Short web captions:
=====

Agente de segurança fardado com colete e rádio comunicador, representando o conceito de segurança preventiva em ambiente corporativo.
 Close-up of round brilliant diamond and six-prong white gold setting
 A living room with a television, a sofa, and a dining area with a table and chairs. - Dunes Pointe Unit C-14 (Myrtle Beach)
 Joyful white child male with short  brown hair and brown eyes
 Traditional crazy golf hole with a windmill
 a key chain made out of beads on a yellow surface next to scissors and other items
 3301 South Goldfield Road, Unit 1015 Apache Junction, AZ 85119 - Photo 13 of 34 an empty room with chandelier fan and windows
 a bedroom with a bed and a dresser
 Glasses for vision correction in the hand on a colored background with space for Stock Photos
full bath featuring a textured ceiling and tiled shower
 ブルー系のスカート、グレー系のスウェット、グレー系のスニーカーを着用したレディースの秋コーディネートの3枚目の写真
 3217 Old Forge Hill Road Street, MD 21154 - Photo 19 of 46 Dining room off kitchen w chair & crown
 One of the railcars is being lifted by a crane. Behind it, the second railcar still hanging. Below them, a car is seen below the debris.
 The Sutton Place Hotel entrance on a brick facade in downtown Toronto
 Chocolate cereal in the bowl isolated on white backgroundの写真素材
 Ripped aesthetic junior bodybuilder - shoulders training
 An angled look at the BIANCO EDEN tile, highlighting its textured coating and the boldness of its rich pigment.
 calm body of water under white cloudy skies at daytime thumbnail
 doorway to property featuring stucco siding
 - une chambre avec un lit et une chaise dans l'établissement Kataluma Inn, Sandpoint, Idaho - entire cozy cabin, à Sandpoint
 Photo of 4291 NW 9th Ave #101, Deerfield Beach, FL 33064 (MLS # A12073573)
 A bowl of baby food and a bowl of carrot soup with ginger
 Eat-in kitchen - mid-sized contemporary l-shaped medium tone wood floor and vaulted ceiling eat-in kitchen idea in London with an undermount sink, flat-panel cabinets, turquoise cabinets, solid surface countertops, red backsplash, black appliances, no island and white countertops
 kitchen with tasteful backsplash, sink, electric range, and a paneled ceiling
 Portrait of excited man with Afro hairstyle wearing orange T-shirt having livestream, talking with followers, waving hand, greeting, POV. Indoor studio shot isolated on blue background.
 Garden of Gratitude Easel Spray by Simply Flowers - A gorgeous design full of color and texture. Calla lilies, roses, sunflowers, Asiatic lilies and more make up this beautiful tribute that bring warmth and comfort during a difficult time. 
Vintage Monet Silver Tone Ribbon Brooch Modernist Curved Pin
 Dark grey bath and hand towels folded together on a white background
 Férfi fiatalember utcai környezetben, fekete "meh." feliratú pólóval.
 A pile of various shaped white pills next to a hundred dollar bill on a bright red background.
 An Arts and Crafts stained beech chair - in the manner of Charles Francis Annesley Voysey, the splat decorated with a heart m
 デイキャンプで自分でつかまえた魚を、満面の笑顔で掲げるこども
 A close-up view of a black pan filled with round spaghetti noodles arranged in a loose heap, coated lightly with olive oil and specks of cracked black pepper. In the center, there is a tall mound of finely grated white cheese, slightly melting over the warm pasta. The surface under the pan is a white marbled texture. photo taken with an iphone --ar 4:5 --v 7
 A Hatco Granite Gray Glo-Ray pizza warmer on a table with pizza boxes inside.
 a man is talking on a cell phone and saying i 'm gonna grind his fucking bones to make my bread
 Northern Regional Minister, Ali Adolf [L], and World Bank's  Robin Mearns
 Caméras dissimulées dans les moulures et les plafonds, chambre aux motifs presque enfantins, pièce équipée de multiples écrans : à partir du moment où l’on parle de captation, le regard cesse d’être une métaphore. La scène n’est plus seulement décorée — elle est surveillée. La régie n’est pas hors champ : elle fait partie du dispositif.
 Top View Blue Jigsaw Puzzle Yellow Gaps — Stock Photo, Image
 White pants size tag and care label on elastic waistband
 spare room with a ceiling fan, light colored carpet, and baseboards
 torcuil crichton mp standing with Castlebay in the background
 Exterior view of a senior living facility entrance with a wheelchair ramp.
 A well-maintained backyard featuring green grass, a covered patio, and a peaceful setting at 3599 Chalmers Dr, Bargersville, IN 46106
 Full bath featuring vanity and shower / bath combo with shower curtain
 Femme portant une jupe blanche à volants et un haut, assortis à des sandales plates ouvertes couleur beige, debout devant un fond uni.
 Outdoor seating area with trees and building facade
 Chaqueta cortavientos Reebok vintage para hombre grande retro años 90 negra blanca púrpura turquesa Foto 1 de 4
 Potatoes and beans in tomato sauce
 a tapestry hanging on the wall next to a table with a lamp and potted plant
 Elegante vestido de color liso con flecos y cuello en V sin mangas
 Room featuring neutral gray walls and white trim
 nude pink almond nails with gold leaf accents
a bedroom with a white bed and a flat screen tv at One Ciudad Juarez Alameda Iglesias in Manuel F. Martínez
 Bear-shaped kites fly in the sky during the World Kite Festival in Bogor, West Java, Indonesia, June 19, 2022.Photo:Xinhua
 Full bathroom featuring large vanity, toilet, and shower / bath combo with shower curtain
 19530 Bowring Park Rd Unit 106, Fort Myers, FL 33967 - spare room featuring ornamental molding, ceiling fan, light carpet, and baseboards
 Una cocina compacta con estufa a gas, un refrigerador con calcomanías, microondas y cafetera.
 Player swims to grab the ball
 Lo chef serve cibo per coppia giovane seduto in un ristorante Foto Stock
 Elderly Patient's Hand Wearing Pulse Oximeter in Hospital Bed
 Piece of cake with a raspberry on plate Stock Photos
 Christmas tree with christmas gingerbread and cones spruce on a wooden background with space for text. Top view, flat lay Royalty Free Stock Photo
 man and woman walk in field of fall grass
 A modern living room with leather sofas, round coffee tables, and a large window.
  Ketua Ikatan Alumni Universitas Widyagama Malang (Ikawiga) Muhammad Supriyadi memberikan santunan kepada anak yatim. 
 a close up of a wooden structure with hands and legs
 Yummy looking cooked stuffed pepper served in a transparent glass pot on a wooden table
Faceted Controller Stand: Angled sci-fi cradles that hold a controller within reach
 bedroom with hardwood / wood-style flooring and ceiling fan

=====

## Action item
Copy out every record above exactly as written.

## Task output
Agente de segurança fardado com colete e rádio comunicador, representando o conceito de segurança preventiva em ambiente corporativo.
 Close-up of round brilliant diamond and six-prong white gold setting
 A living room with a television, a sofa, and a dining area with a table and chairs. - Dunes Pointe Unit C-14 (Myrtle Beach)
 Joyful white child male with short  brown hair and brown eyes
 Traditional crazy golf hole with a windmill
 a key chain made out of beads on a yellow surface next to scissors and other items
 3301 South Goldfield Road, Unit 1015 Apache Junction, AZ 85119 - Photo 13 of 34 an empty room with chandelier fan and windows
 a bedroom with a bed and a dresser
 Glasses for vision correction in the hand on a colored background with space for Stock Photos
full bath featuring a textured ceiling and tiled shower
 ブルー系のスカート、グレー系のスウェット、グレー系のスニーカーを着用したレディースの秋コーディネートの3枚目の写真
 3217 Old Forge Hill Road Street, MD 21154 - Photo 19 of 46 Dining room off kitchen w chair & crown
 One of the railcars is being lifted by a crane. Behind it, the second railcar still hanging. Below them, a car is seen below the debris.
 The Sutton Place Hotel entrance on a brick facade in downtown Toronto
 Chocolate cereal in the bowl isolated on white backgroundの写真素材
 Ripped aesthetic junior bodybuilder - shoulders training
 An angled look at the BIANCO EDEN tile, highlighting its textured coating and the boldness of its rich pigment.
 calm body of water under white cloudy skies at daytime thumbnail
 doorway to property featuring stucco siding
 - une chambre avec un lit et une chaise dans l'établissement Kataluma Inn, Sandpoint, Idaho - entire cozy cabin, à Sandpoint
 Photo of 4291 NW 9th Ave #101, Deerfield Beach, FL 33064 (MLS # A12073573)
 A bowl of baby food and a bowl of carrot soup with ginger
 Eat-in kitchen - mid-sized contemporary l-shaped medium tone wood floor and vaulted ceiling eat-in kitchen idea in London with an undermount sink, flat-panel cabinets, turquoise cabinets, solid surface countertops, red backsplash, black appliances, no island and white countertops
 kitchen with tasteful backsplash, sink, electric range, and a paneled ceiling
 Portrait of excited man with Afro hairstyle wearing orange T-shirt having livestream, talking with followers, waving hand, greeting, POV. Indoor studio shot isolated on blue background.
 Garden of Gratitude Easel Spray by Simply Flowers - A gorgeous design full of color and texture. Calla lilies, roses, sunflowers, Asiatic lilies and more make up this beautiful tribute that bring warmth and comfort during a difficult time. 
Vintage Monet Silver Tone Ribbon Brooch Modernist Curved Pin
 Dark grey bath and hand towels folded together on a white background
 Férfi fiatalember utcai környezetben, fekete "meh." feliratú pólóval.
 A pile of various shaped white pills next to a hundred dollar bill on a bright red background.
 An Arts and Crafts stained beech chair - in the manner of Charles Francis Annesley Voysey, the splat decorated with a heart m
 デイキャンプで自分でつかまえた魚を、満面の笑顔で掲げるこども
 A close-up view of a black pan filled with round spaghetti noodles arranged in a loose heap, coated lightly with olive oil and specks of cracked black pepper. In the center, there is a tall mound of finely grated white cheese, slightly melting over the warm pasta. The surface under the pan is a white marbled texture. photo taken with an iphone --ar 4:5 --v 7
 A Hatco Granite Gray Glo-Ray pizza warmer on a table with pizza boxes inside.
 a man is talking on a cell phone and saying i 'm gonna grind his fucking bones to make my bread
 Northern Regional Minister, Ali Adolf [L], and World Bank's  Robin Mearns
 Caméras dissimulées dans les moulures et les plafonds, chambre aux motifs presque enfantins, pièce équipée de multiples écrans : à partir du moment où l’on parle de captation, le regard cesse d’être une métaphore. La scène n’est plus seulement décorée — elle est surveillée. La régie n’est pas hors champ : elle fait partie du dispositif.
 Top View Blue Jigsaw Puzzle Yellow Gaps — Stock Photo, Image
 White pants size tag and care label on elastic waistband
 spare room with a ceiling fan, light colored carpet, and baseboards
 torcuil crichton mp standing with Castlebay in the background
 Exterior view of a senior living facility entrance with a wheelchair ramp.
 A well-maintained backyard featuring green grass, a covered patio, and a peaceful setting at 3599 Chalmers Dr, Bargersville, IN 46106
 Full bath featuring vanity and shower / bath combo with shower curtain
 Femme portant une jupe blanche à volants et un haut, assortis à des sandales plates ouvertes couleur beige, debout devant un fond uni.
 Outdoor seating area with trees and building facade
 Chaqueta cortavientos Reebok vintage para hombre grande retro años 90 negra blanca púrpura turquesa Foto 1 de 4
 Potatoes and beans in tomato sauce
 a tapestry hanging on the wall next to a table with a lamp and potted plant
 Elegante vestido de color liso con flecos y cuello en V sin mangas
 Room featuring neutral gray walls and white trim
 nude pink almond nails with gold leaf accents
a bedroom with a white bed and a flat screen tv at One Ciudad Juarez Alameda Iglesias in Manuel F. Martínez
 Bear-shaped kites fly in the sky during the World Kite Festival in Bogor, West Java, Indonesia, June 19, 2022.Photo:Xinhua
 Full bathroom featuring large vanity, toilet, and shower / bath combo with shower curtain
 19530 Bowring Park Rd Unit 106, Fort Myers, FL 33967 - spare room featuring ornamental molding, ceiling fan, light carpet, and baseboards
 Una cocina compacta con estufa a gas, un refrigerador con calcomanías, microondas y cafetera.
 Player swims to grab the ball
 Lo chef serve cibo per coppia giovane seduto in un ristorante Foto Stock
 Elderly Patient's Hand Wearing Pulse Oximeter in Hospital Bed
 Piece of cake with a raspberry on plate Stock Photos
 Christmas tree with christmas gingerbread and cones spruce on a wooden background with space for text. Top view, flat lay Royalty Free Stock Photo
 man and woman walk in field of fall grass
 A modern living room with leather sofas, round coffee tables, and a large window.
  Ketua Ikatan Alumni Universitas Widyagama Malang (Ikawiga) Muhammad Supriyadi memberikan santunan kepada anak yatim. 
 a close up of a wooden structure with hands and legs
 Yummy looking cooked stuffed pepper served in a transparent glass pot on a wooden table
Faceted Controller Stand: Angled sci-fi cradles that hold a controller within reach
 bedroom with hardwood / wood-style flooring and ceiling fan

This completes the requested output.